**PROVIDED DATA**:
Segment Open

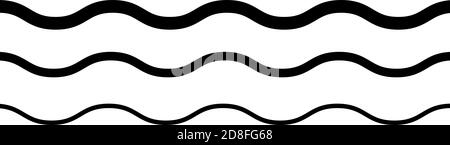 Breites rechteckiges Format gewellt, winken, Zick-Zack, Kreuz und quer Linien Design-Element, Muster-Textur und Hintergrund Stock Vektor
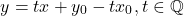 \[y = tx + y_0 - tx_0, \; t \in \mathbb{Q}\]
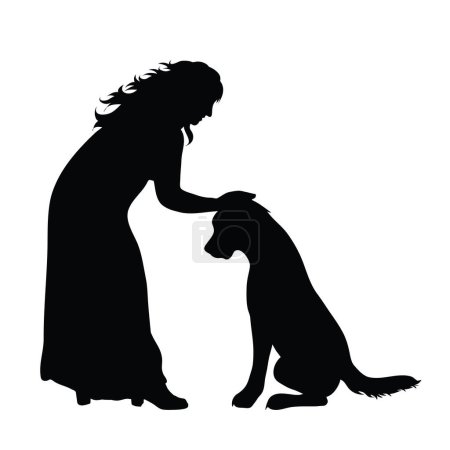 Téléchargez les illustrations : Silhouette vectorielle de femme avec chien sur fond blanc. Symbole de fille, amis, animal, animal, triste. - en licence libre de droit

Segment Closed

**THE PROBLEM**:
Please output the material above again, exactly, and omit every image.

**EXERCISE RESULT**:
 Breites rechteckiges Format gewellt, winken, Zick-Zack, Kreuz und quer Linien Design-Element, Muster-Textur und Hintergrund Stock Vektor
 \[y = tx + y_0 - tx_0, \; t \in \mathbb{Q}\]
 Téléchargez les illustrations : Silhouette vectorielle de femme avec chien sur fond blanc. Symbole de fille, amis, animal, animal, triste. - en licence libre de droit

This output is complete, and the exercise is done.